Information shown —

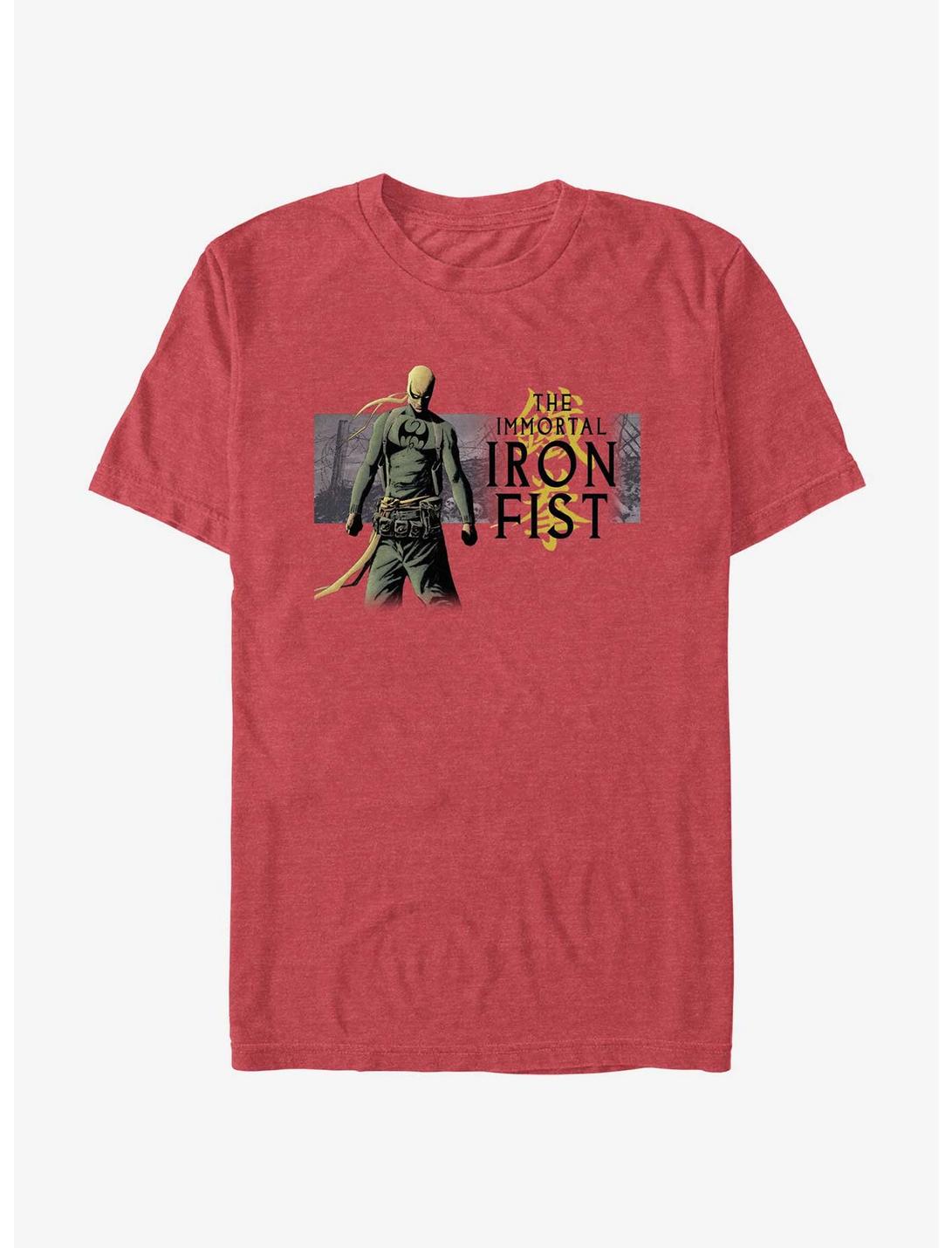 Marvel Iron Fist The Immortal T-Shirt, RED HTR, hi-res
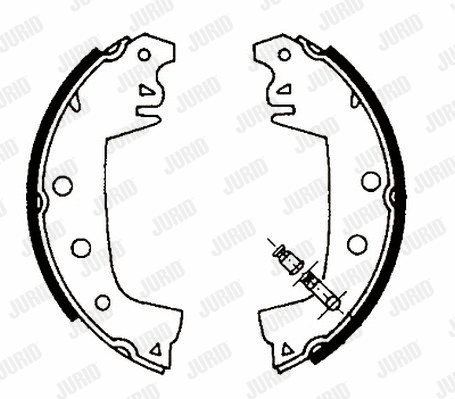 Brake Shoe Set (361077J)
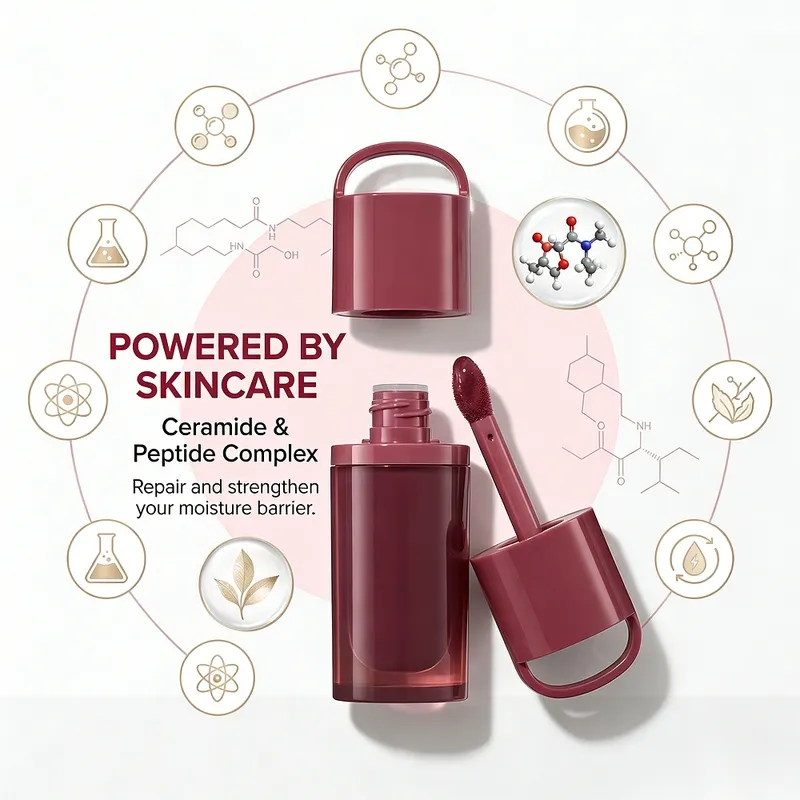 Wholesale Bulk Highly Pigmented Vegan Lip Stain Glossy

Exercise —
Only the pictures are to be omitted; restate everything else above exactly.

Result of this exercise —
 Marvel Iron Fist The Immortal T-Shirt, RED HTR, hi-res
 Brake Shoe Set (361077J)
 Wholesale Bulk Highly Pigmented Vegan Lip Stain Glossy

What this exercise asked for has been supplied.